WASHINGTON • White House officials said they did not know whether US President Donald Trump would seek to block former FBI director James Comey from testifying to Congress this week, a move that could spark a political backlash.
"I have not spoken to counsel yet. I don't know how they're going to respond," White House spokesman Sean Spicer told reporters.
However, The New York Times, quoting two unnamed senior administration officials, reported that the President did not plan to invoke executive privilege to try to prevent Mr Comey from providing potentially damaging testimony to Congress.
Mr Comey was leading a Federal Bureau of Investigation (FBI) probe into alleged Russian meddling in last year's United States presidential election and possible collusion by Mr Trump's campaign when the President fired him last month.
Critics have charged that Mr Trump was seeking to hinder the FBI's investigation by dismissing Mr Comey.
The former FBI chief is due to testify on Thursday before the Senate Intelligence Committee as part of its own Russia-related investigation, and his remarks could cause problems for the Republican President.
Mr Comey is widely expected to be asked about conversations in which the President reportedly pressured him to drop an investigation into his former national security adviser Michael Flynn, whose ties to Russia are under scrutiny.

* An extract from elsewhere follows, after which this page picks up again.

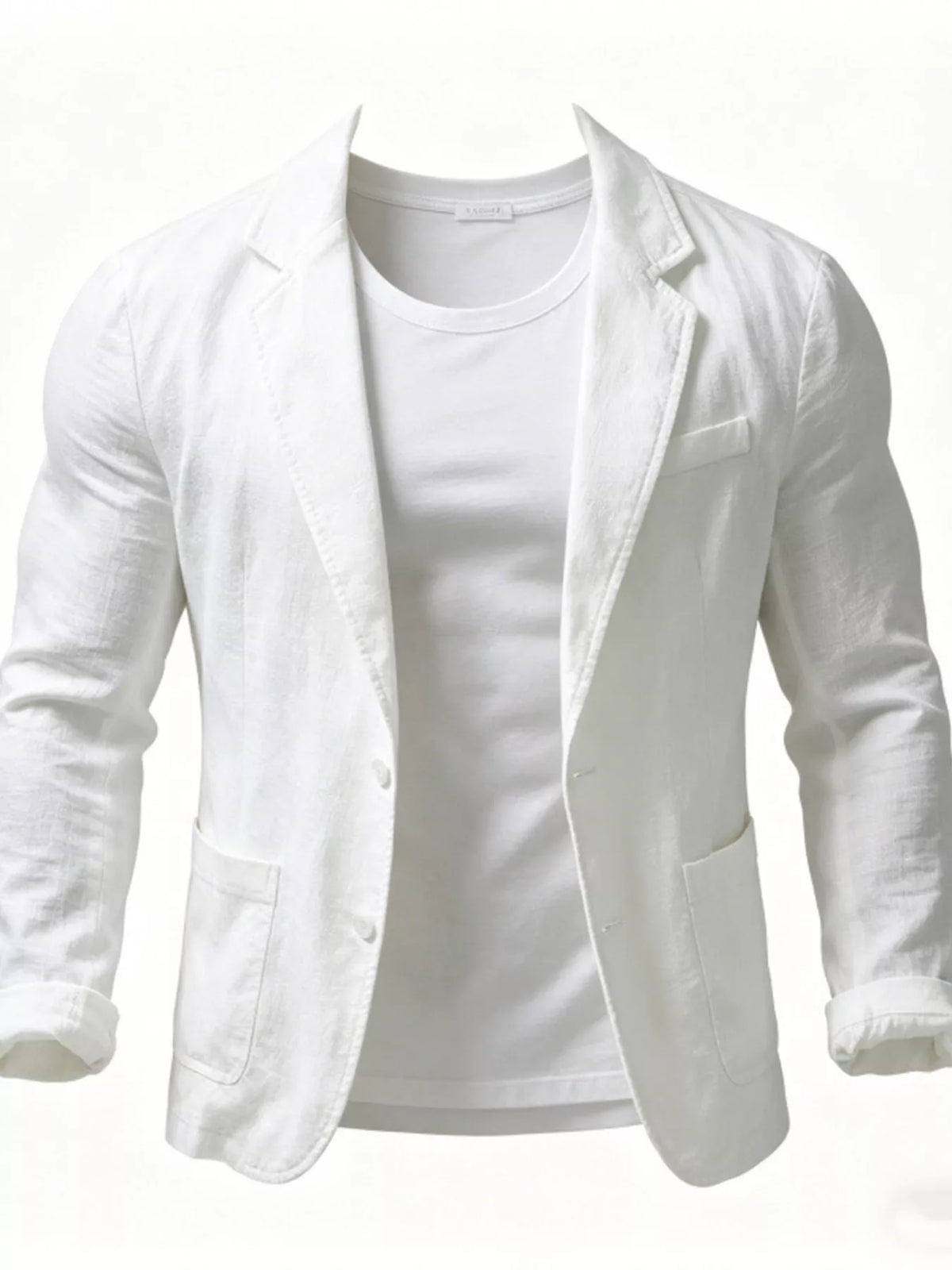 Men's Plus Size Button Up Long Sleeve Blazer - Lilixa.store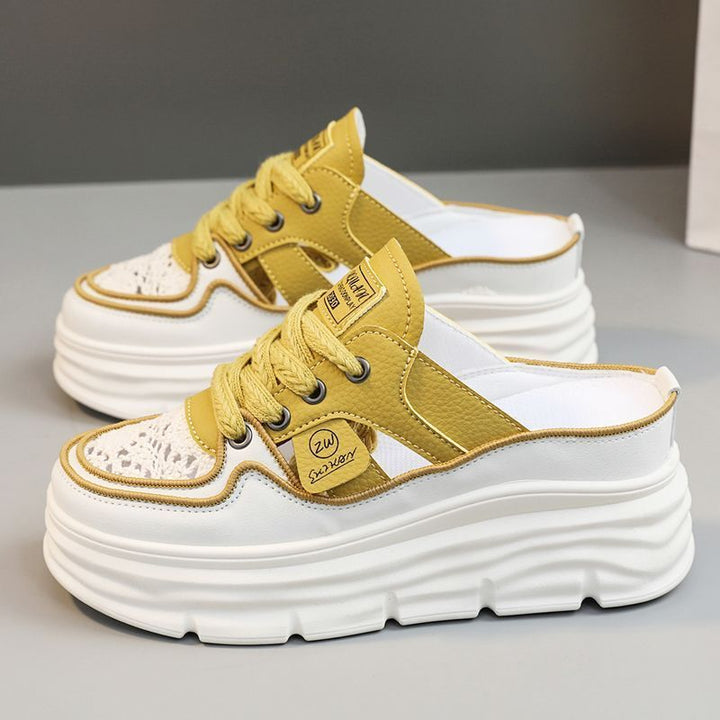 Women's sneaker with fashionable platform and airy lacing Mune Fashion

Critics have said that such pressure could potentially amount to obstruction of justice. Presidents can assert executive privilege to prevent government employees from sharing information.
However, legal experts say it is not clear whether certain conversations between Mr Trump and Mr Comey that the President has talked about publicly would be covered, and any effort to block Mr Comey, who is now a private citizen, from testifying could be challenged in court.
Democratic lawmakers sent White House counsel Donald McGahn a letter warning that invoking executive privilege "would be seen as an effort to obstruct the truth from both Congress and the American people".
In an interview with ABC News, White House senior adviser Kellyanne Conway appeared to indicate the President would allow Mr Comey to testify.
"We'll be watching with the rest of the world when director Comey testifies," she said. But asked directly whether Mr Trump would invoke executive privilege on his testimony, she added: "The President will make that decision."
The Justice Department appointed a special counsel last month to take the lead on the Russia investigation. US intelligence agencies have concluded the Russian government sought to influence the US election in Mr Trump's favour, a charge Russia has denied.
Russian President Vladimir Putin, however, said last Thursday some Russians may have acted on their own.
Mr Trump, who has raised doubts about the US agencies' findings and denounced the continuing Russia probes, has denied any collusion.
Meanwhile, Mr Robert Mueller, the special counsel investigating possible ties between the Trump election campaign and Russia, is expanding his probe to assume control of a grand jury investigation into Mr Flynn, three sources told Reuters.
The move means Mr Mueller's politically-charged inquiry will now look into Mr Flynn's paid work as a lobbyist for a Turkish businessman last year, in addition to contacts between Russian officials and Mr Flynn and other Trump associates during and after the Nov 8 presidential election.